Есть коренное различие между отношение народа и имущим и образованным на Западе и этим отношением у нас. И там народ ненавидит барина и не понимает его языка, но там непонимание и ненависть коренятся в умопостигаемах чувствах. Там народ ненавидит барина за то, что барин живет сыто, не трудясь физически, что трудами прежних поколений народа барин накопил себе крупный излишек, который дает ему возможность и жить в роскоши, и держать народ в безысходном рабстве, и приобретать знания, помогающие ему опять-таки эксплуатировать народ. Это-озлобление раба против господина и зависть голодного к сытому. С другой стороны, самое знание господ чуждо народной массе как по своему объему, так и по своей отвлеченности: отсюда непонимание. Но там нет той метафизической розни, как у нас, или, по крайней мере, ее нет в такой степени, потому что нет глубокого качественного различия между душевным строем простолюдина и барина отчасти барское знание столетиями просачивалось в народ отчасти в самой интеллигенции не так велик раскол между сознанием и жизнью. Западный буржуа несомненно беднее русского интеллигента нравственными идеями, но зато его идеи не многим превышают его эмоциональный строй, а главное, он живет сравнительно цельной душевной жизнью. Оттого на Западе мирный исход тяжбы между народом и господами психологический возможен: там борьба идет в области позитивных интересов и чувств, которые естественно выливаются в форму идей, а раз такая формулировка совершилась, главной ареной борьбы становится индивидуальное сознание. И действительно, на Западе идеи социализма играют сейчас решающую роль. Они постепенно превращают механическое столкновение в химический процесс, с одной стороны, сплачивая рабочую массу, с другой – медленно разлагая идеологию буржуазии, т. е. одним внушая чувство правоты, у других отнимая это чувство.
Между нами и нашим народом-иная рознь. Мы для него-не грабители, как свой брат деревенский кулак, мы для него даже не просто чужие, как турок или француз: он видит наше человеческое и именно русское обличие, но не чувствует в нас человеческой души, и потому он ненавидит нас страстно, вероятно с бессознательным мистическим ужасом, тем глубже ненавидит, что мы свои. Каковы мы есть, нам не только нельзя мечтать о слиянии с народом, – бояться его мы должны пуще всех казней власти и благословлять эту власть, которая одна своими штыками и тюрьмами еще ограждает нас от ярости народной.
Таковы мы были перед революцией, такими же с виду остаемся и теперь. Но уже задолго до революции в интеллигентской психике начался глубокий перелом.

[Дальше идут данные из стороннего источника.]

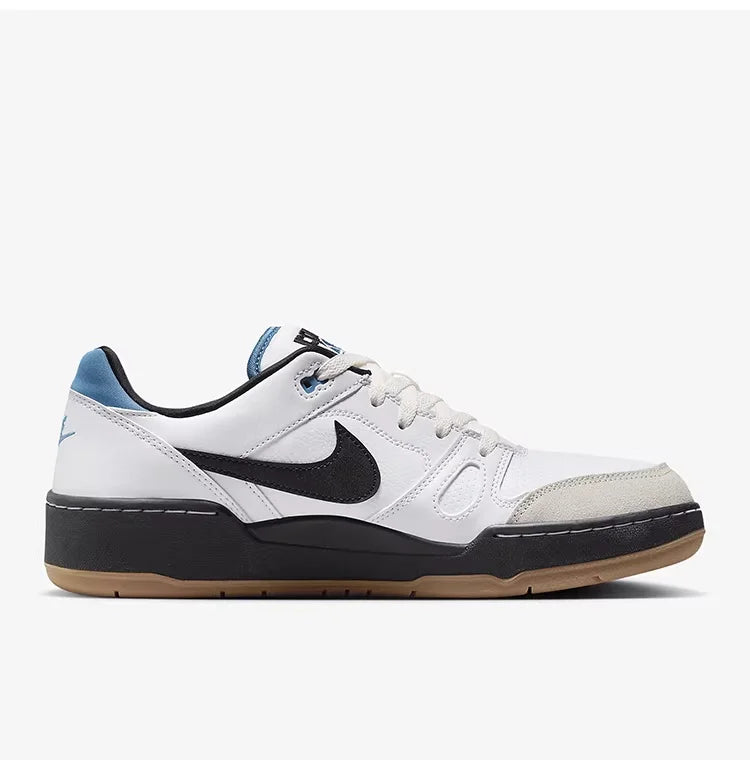 Nike Full Force Leather Low-Top Sneakers For Men HJ7262-100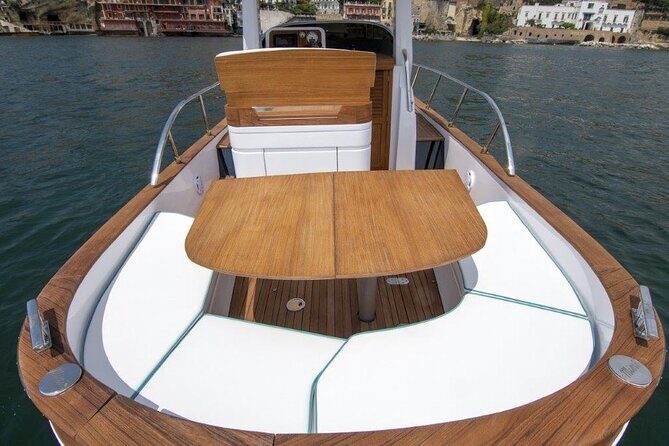 Exclusive Private Boat Tour to capri & Amalfi coast from Sorrento - Sailing the Capri Coast: Caves, Faraglioni, and Snorkel Breaks
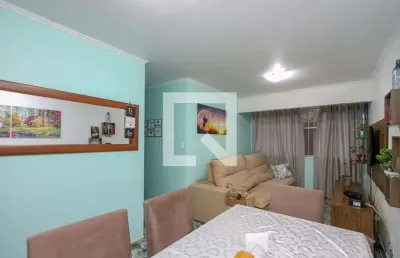 Apartamento para venda - jardim sao luis, 2 quartos,  52 m² - são paulo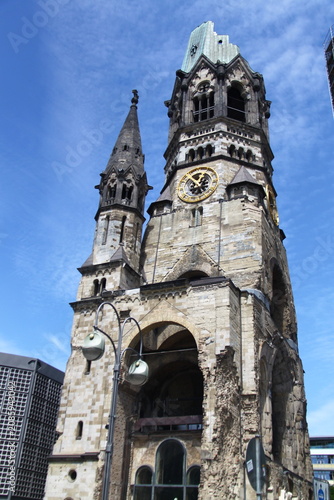 iglesia memorial kaiser wilhelm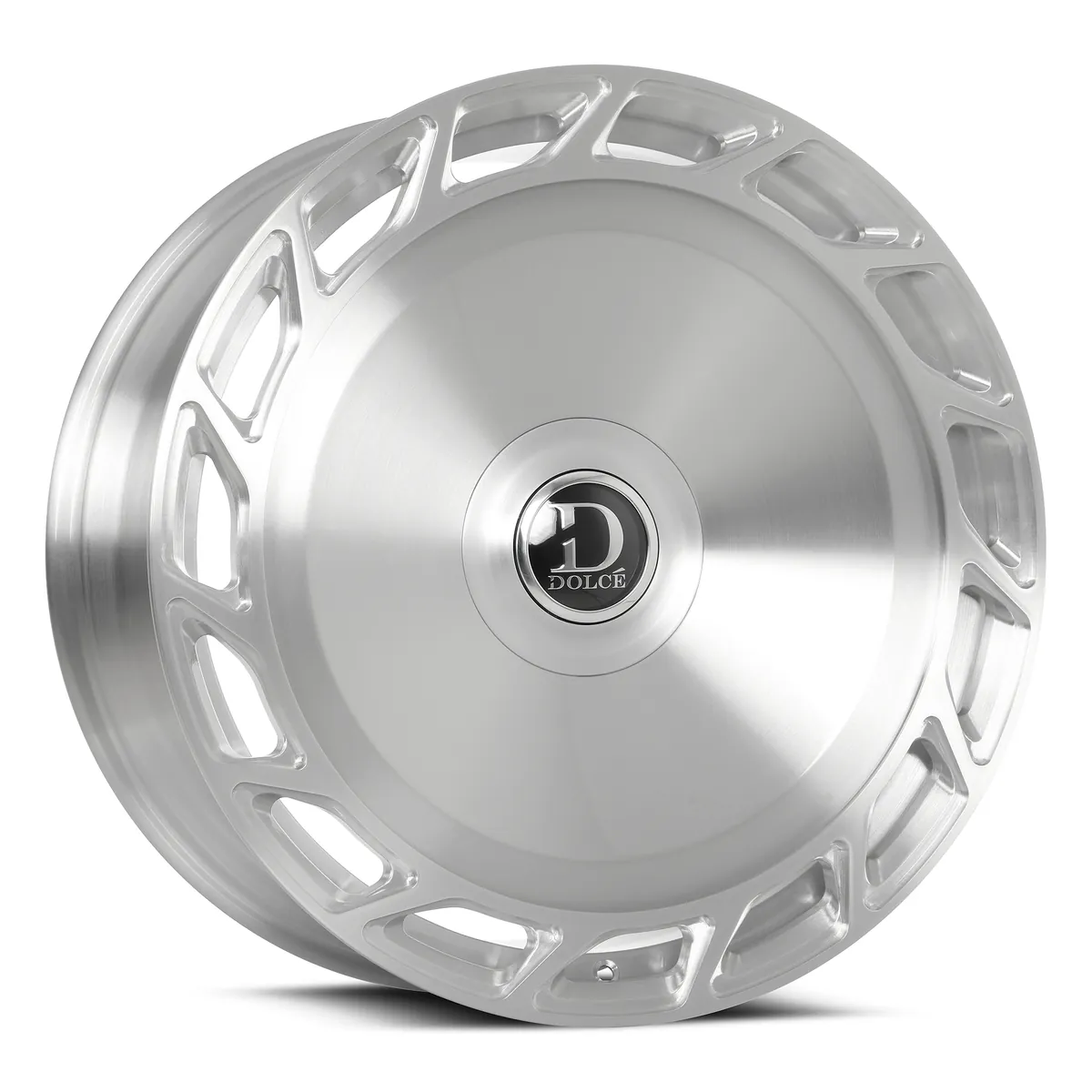 Bigboy Brush With Clear Coat Rims 24x10 None ET25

Этот внутренний распад личности был до такой степени противоестествен, так угнетала беспорядочность и грубость собственного быта, не руководимого сознанием, так изнурялся самый ум вечным раздражением отвлеченно-нравственной мысли, что человек не мог оставаться здоровым. И действительно, средний интеллигент, не опьяненный активной политической деятельностью, чувствовал себя с каждым годом все больнее. Уже в половине восьмидесятых годов ему жилось очень плохо: в длинной веренице интеллигентских типов, зарисованных таким тонким наблюдателем, как Чехов, едва ли найдется пять-шесть нормальных человек. Наша интеллигенция на девять десятых поражена неврастенией, между нами почти нет здоровых людей, – все желчные, угрюмые, беспокойные лица, искаженные какой-то тайной неудовлетворенностью, все недовольны, не то озлоблены, не то огорчены. То совпадение профессии с врожденными свойствами личности, которое делает работу плодотворной и дает удовлетворение человеку, для нас невозможно, потому что оно осуществляется только тогда, когда личность выражена в сознании, и стоят люди на самых святых местах, проклиная каждый свое постылое место, и работают нехотя, кое-как. Мы заражаем друг друга желчностью и сумели до такой степени насытить, кажется, самую атмосферу нашим неврастеническим отношением к жизни, что свежий человек – например, те из нас, кто долго жил за границей, – на первых порах задыхается, попав в нашу среду.